## Task goal
Write out the lines of the material below exactly, beginning at the line with "Finlândia: a casa" and stopping after the line with "Photo of property", and leave out the pictures.

## Exercise material

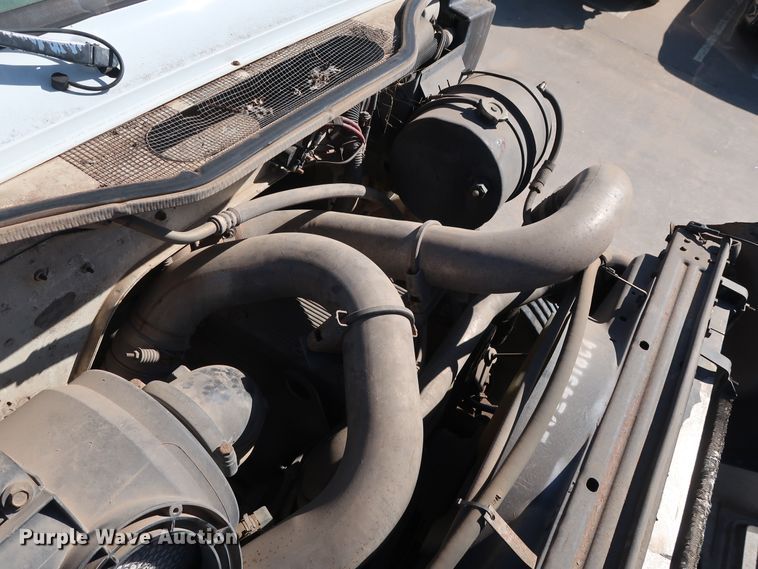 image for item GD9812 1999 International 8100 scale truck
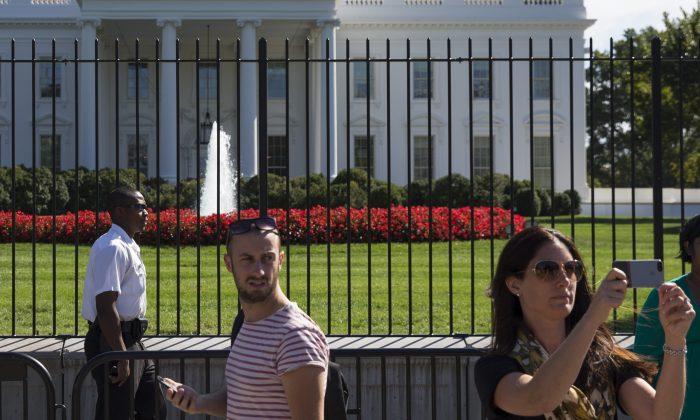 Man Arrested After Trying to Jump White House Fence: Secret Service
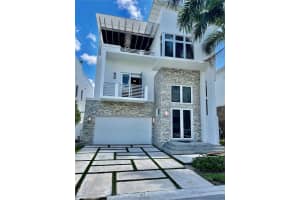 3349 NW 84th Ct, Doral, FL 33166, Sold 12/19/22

--

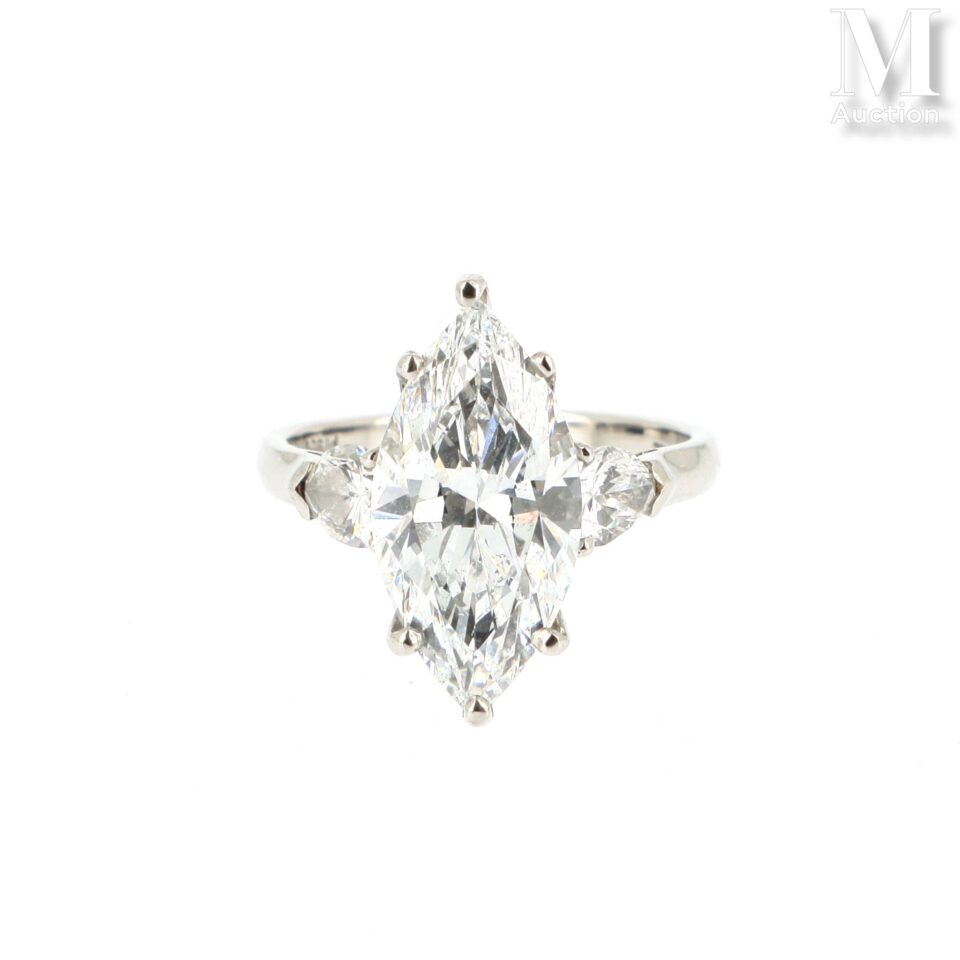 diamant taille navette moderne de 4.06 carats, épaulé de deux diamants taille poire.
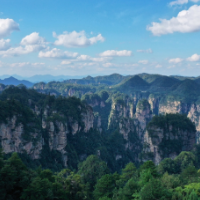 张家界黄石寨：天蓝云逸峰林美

==

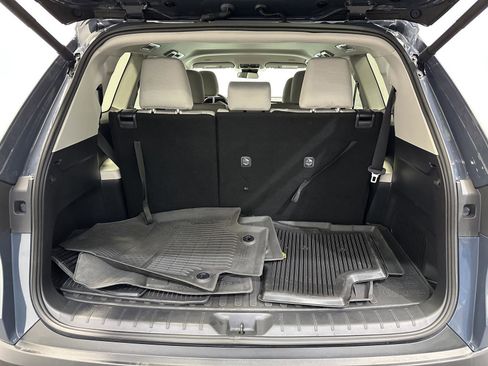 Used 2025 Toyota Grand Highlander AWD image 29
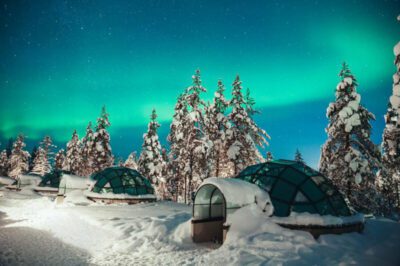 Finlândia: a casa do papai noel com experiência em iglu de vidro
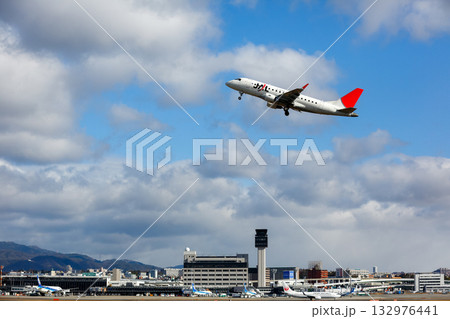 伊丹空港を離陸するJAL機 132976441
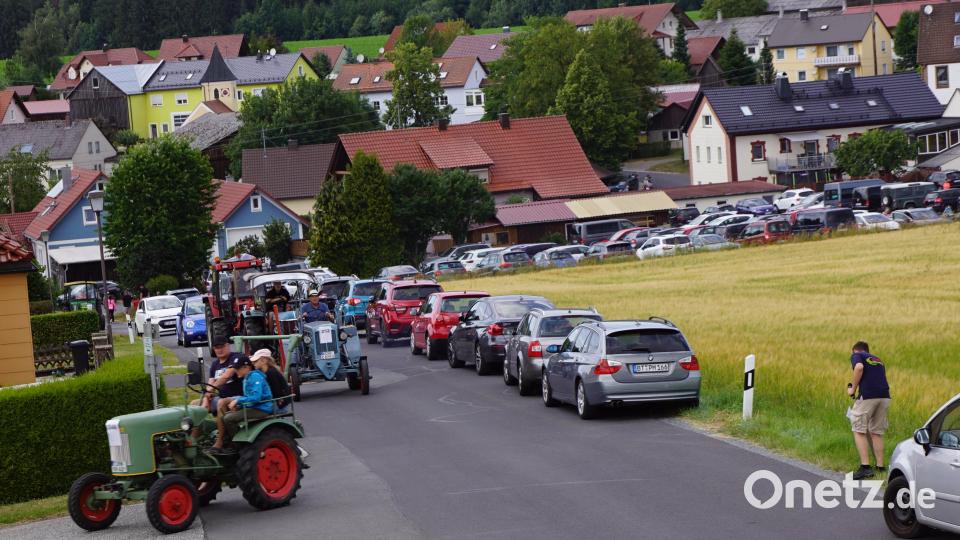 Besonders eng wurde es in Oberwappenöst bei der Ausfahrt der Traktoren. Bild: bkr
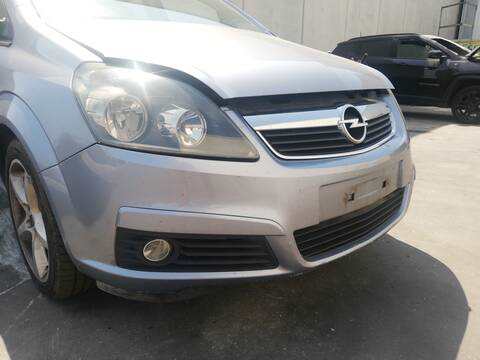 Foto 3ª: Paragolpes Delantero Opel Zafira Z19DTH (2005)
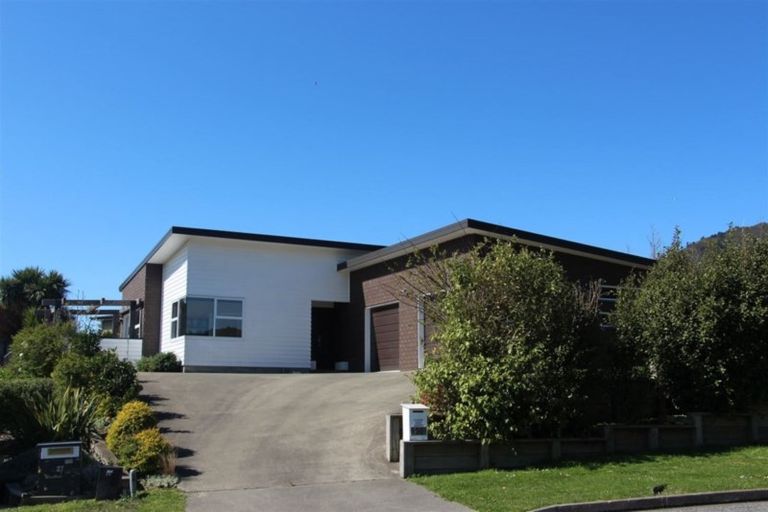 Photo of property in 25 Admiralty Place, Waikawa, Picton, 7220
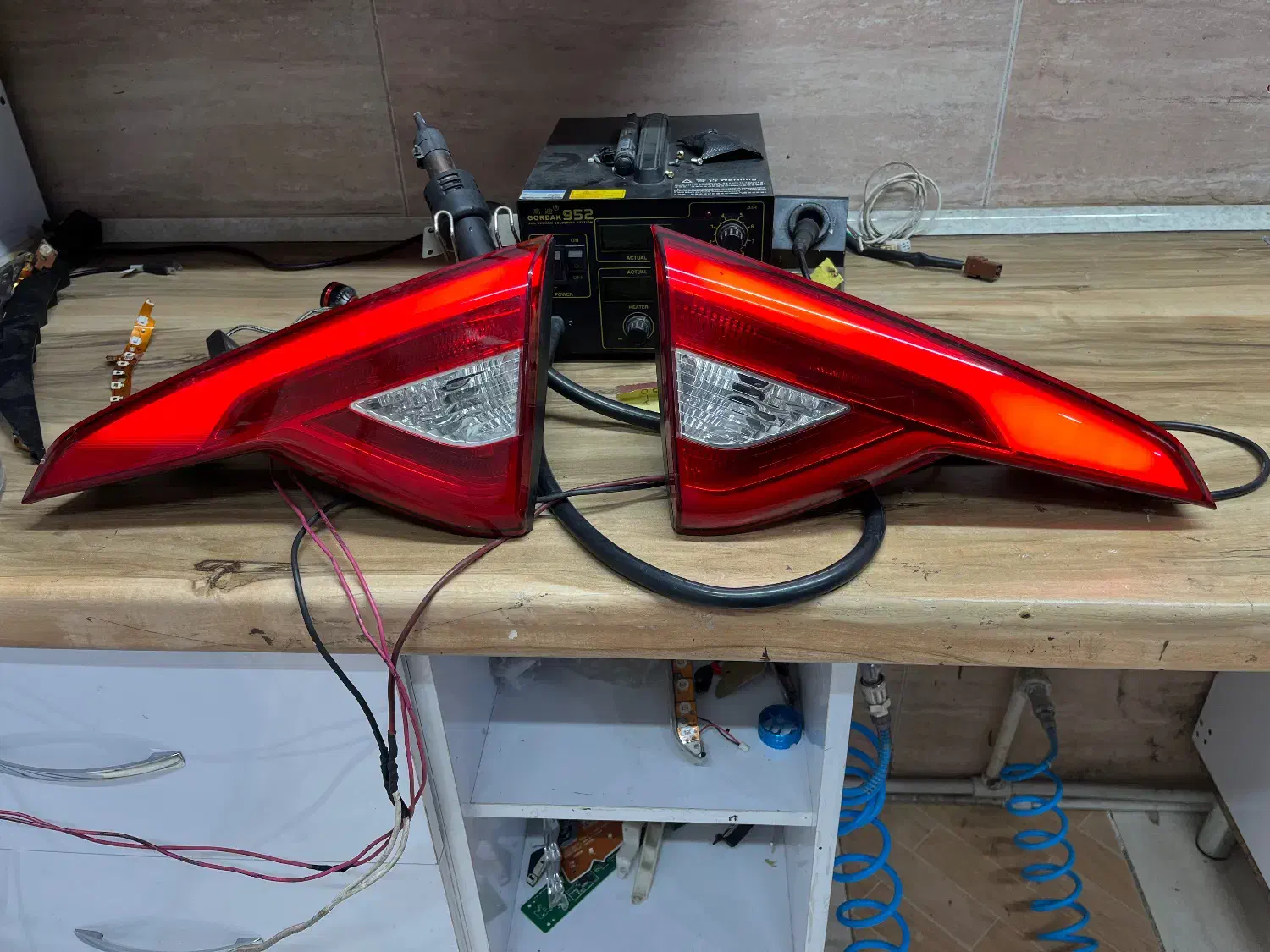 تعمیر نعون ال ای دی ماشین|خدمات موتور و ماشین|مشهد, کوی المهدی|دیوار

## Output below
 Finlândia: a casa do papai noel com experiência em iglu de vidro
 伊丹空港を離陸するJAL機 132976441
 Besonders eng wurde es in Oberwappenöst bei der Ausfahrt der Traktoren. Bild: bkr
 Foto 3ª: Paragolpes Delantero Opel Zafira Z19DTH (2005)
 Photo of property in 25 Admiralty Place, Waikawa, Picton, 7220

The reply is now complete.